Esta frase, atirada muitas vezes contra os pobres, cairia que nem uma luva numa empresa como a Jerónimo Martins: o que dizer de uma realidade em que um gestor ganha 160 vezes o salário médio de um trabalhador? É significativo, contudo, que protagonistas políticos que não querem tocar neste regime de exploração e de privilégio na distribuição da riqueza sejam vezeiros na utilização deste tipo de retórica contra os pobres. Para combater a pobreza são necessárias, sem dúvida, políticas de pleno emprego e de defesa do salário. Mas não basta dizer que as pessoas devem ter um emprego, é preciso que esses postos de trabalho existam e que estejam disponíveis. A lei do RSI, de resto, já prevê, nos contratos de inserção, que sempre que haja uma oferta de emprego conveniente o beneficiário tem de aceitar. Se não o fizer, perde o direito à prestação. Por isso mesmo, a ideia de que se deve “cortar para metade” o número de beneficiários, sem considerar que uma grande parte não tem idade para ter um emprego, sem cuidar de políticas de pleno emprego que respondam aos que se encontram encurralados entre a dificuldade de encontrar um trabalho e a impossibilidade de aceder à reforma, sem sublinhar que a lei já prevê planos de inserção, é uma ideia disparatada, que funciona como mero slogan de ressentimento e de preconceito, sem nenhuma sustentação ou aplicabilidade. É uma manifestação de ignorância com objetivos precisos.

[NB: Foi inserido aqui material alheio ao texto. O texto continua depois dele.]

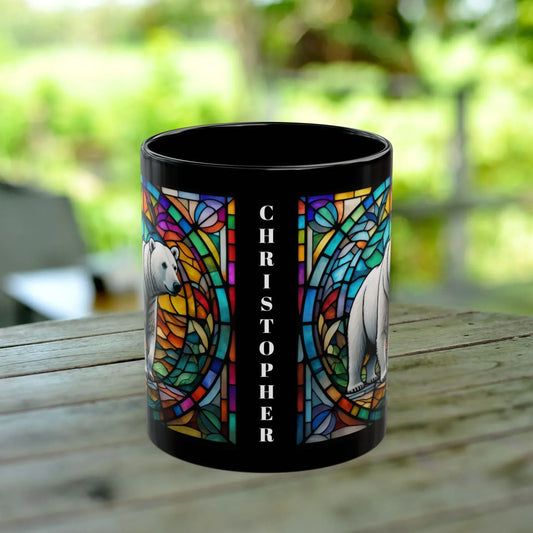 Shop our polar bear stained glass zoo animals ceramic black mug featuring the 15oz style option from MySisterIsASurvivor.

As batalhas políticas travam-se também nas lutas simbólicas e nas disputas pelo entendimento da realidade. As categorias com que descrevemos o mundo, bem como os pressupostos que aceitamos ou rejeitamos num debate, têm implicações de fundo. Por isso, precisamos de todo o conhecimento crítico e de não ceder aos equívocos e às manipulações grosseiras. Nesta questão e em tantas outras, é também nessa pedagogia e nessa firmeza de quem não desiste que se ganha a democracia.